In 1971, what happened in the Atacama Desert for the first time in 400 years?
The Atacama Desert is a desert plateau in South America covering a 1,600 km (990 mi) strip of land on the Pacific coast, west of the Andes Mountains. The Atacama Desert is the driest nonpolar desert in the world, as well as the only true desert to receive less precipitation than the polar deserts and the largest fog desert in the world. Both regions have been used as experimentation sites on Earth for Mars expedition simulations. According to estimates, the Atacama Desert occupies 105,000 km2 (41,000 sq mi), or 128,000 km2 (49,000 sq mi) if the barren lower slopes of the Andes are included. Most of the desert is composed of stony terrain, salt lakes (salaries), sand, and felsic lava that flows towards the Andes.

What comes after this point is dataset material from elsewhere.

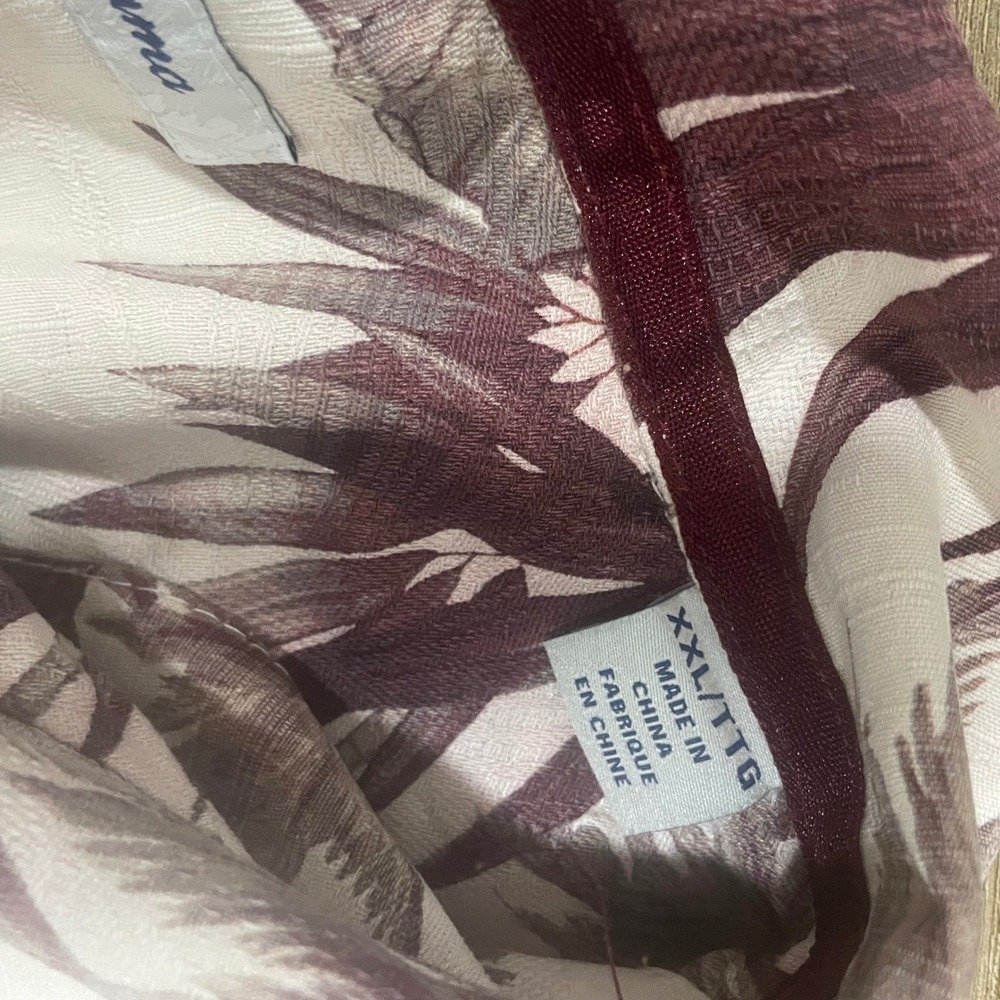 Tommy Bahama Mens XXL Mississippi State Bulldogs Silk Floral Camp Shirt Burgundy - Picture 8 of 8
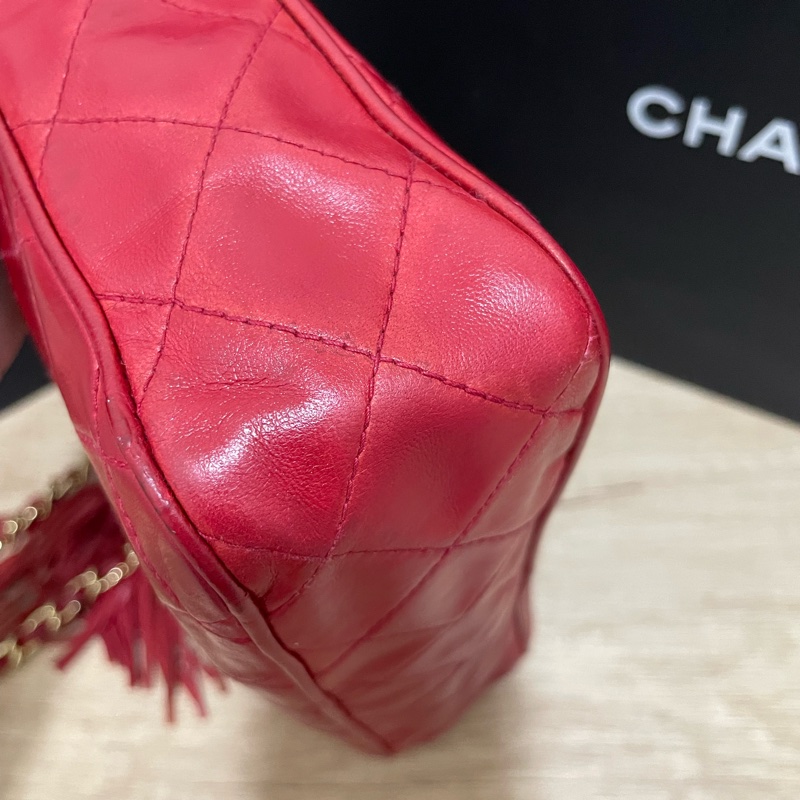 搬家出清🉐Chanel Vintage 喜氣紅羊皮金球流蘇相機包-7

The desert owes its extreme aridity to a constant temperature inversion due to the cool north-flowing Humboldt ocean current and to the presence of the strong Pacific anticyclone. The aridest region of the Atacama Desert is situated between two mountain chains (the Andes and the Chilean Coast Range) of sufficient height to prevent moisture advection from either the Pacific or the Atlantic Ocean, a two-sided rain shadow.
In 1971 parts of the Atacama Desert received the first significant precipitation in nearly 400 years.